FEniCSx Co-Simulation on HPC (SLURM)

Running fenicsx-cosim in a High-Performance Computing (HPC) environment managed by SLURM is straightforward because of the underlying ZeroMQ TCP communication architecture. ZeroMQ handles routing, queuing, and communication seamlessly whether the processes are on the same machine (using localhost) or distributed across multiple compute nodes in a cluster network.

However, moving from a local laptop to a multi-node SLURM environment requires exactly two key adaptations:

  1. Routing and Network Addresses: You can no longer hardcode tcp://localhost:5555. The “Worker” or “Connect” processes must be explicitly provided the IP address or hostname of the compute node where the “Master” or “Bind” process is running.

  2. SLURM Job Orchestration: You must write a SLURM batch script (sbatch) that launches the master process on one node, captures its address, and launches the worker processes on other nodes, feeding them the master’s address.


1. Network Address Resolution

When running on an HPC cluster, the bind (master) process should listen on all network interfaces by binding to:

# Master / Bind side
cosim = CouplingInterface(name="MacroSolver", role="master", endpoint="tcp://*:5556")

The connect (worker) process must connect using the exact hostname or IP address of the master node:

# Worker / Connect side
import os

# Read the master IP from an environment variable passed by the SLURM script
master_ip = os.environ.get("MASTER_IP", "127.0.0.1")
endpoint = f"tcp://{master_ip}:5556"

cosim = CouplingInterface(name="MicroWorker", role="worker", endpoint=endpoint)

Important Setup Step: You need to update the co-simulation scripts (like fe2_micro_worker.py and amr_mechanical_solver.py) to parse environment variables or command-line arguments for the endpoint URL, rather than hardcoding localhost.



3. Approach B: Two Disconnected SLURM Jobs (Loose Coupling / AMR)

Sometimes you have two completely distinct solvers (like in the AMR Thermo-Mechanical example) and you want to submit them as two separate SLURM jobs, potentially with different resource requirements (e.g., Thermal needs 1 GPU node, Mechanical needs 4 CPU nodes).
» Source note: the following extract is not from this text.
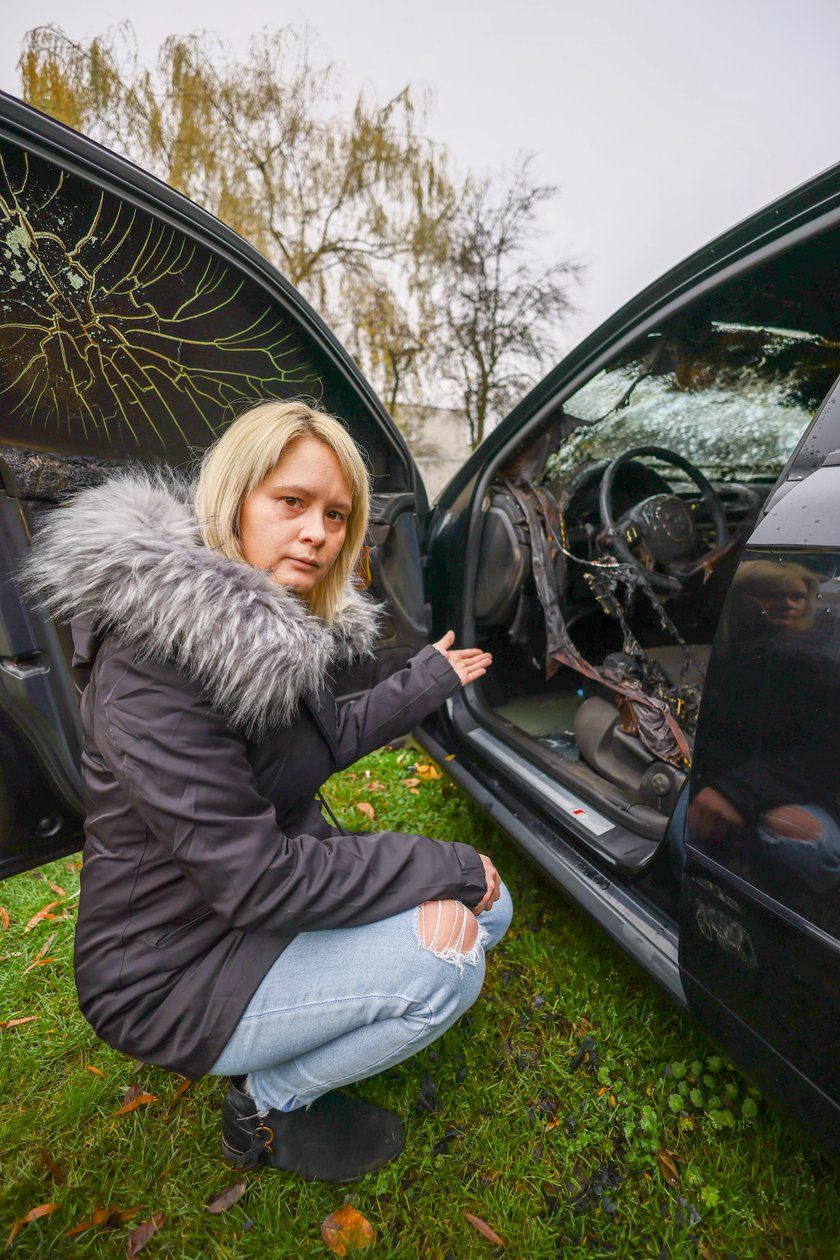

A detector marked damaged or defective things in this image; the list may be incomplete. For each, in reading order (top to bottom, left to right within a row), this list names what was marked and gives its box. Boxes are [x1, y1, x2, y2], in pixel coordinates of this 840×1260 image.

burned car interior [471, 224, 840, 866]
shattered windshield [546, 322, 840, 483]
To do this, the solvers must communicate their location through a shared filesystem file.

Job 1: The Master (Bind) Script (run_thermal.sh)

#!/bin/bash
#SBATCH --job-name=amr_thermal
#SBATCH --nodes=1

source activate fenicsx-env

# Find our node IP
MY_IP=$(hostname -i | awk '{print $1}')

# Write the IP to a shared file so the connect job can find us
echo $MY_IP > /path/to/shared/storage/master_ip.txt

# Run the thermal solver (binds to tcp://*:5555)
python examples/amr_thermal_solver.py

Job 2: The Worker (Connect) Script (run_mechanical.sh)

#!/bin/bash
#SBATCH --job-name=amr_mechanical
#SBATCH --nodes=1

source activate fenicsx-env

# Wait until the master job has written its IP address
SHARED_FILE="/path/to/shared/storage/master_ip.txt"
while [ ! -f $SHARED_FILE ]; do
    echo "Waiting for master IP..."
    sleep 2
done

export MASTER_IP=$(cat $SHARED_FILE)

# Run the mechanical solver (reads $MASTER_IP and connects)
python examples/amr_mechanical_solver.py

Technical Considerations for SLURM

  1. Firewalls/Ports: Ensure the ports used by ZeroMQ (e.g., 5555, 5556, 5557) are open for inter-node communication on the cluster’s internal network. If your HPC uses strict port locking, you may need to randomly allocate ports or request a specific port range from your administrator.

  2. MPI Integration: The CouplingInterface uses ZeroMQ purely for inter-solver communication. This allows each individual FEniCSx solver to also use mpi4py internally across multiple cores without conflicting with the co-simulation networking.

  3. Storage: Always use high-speed shared scratch environments (like Lustre or GPFS) if utilizing the “Shared File” (Approach B) method.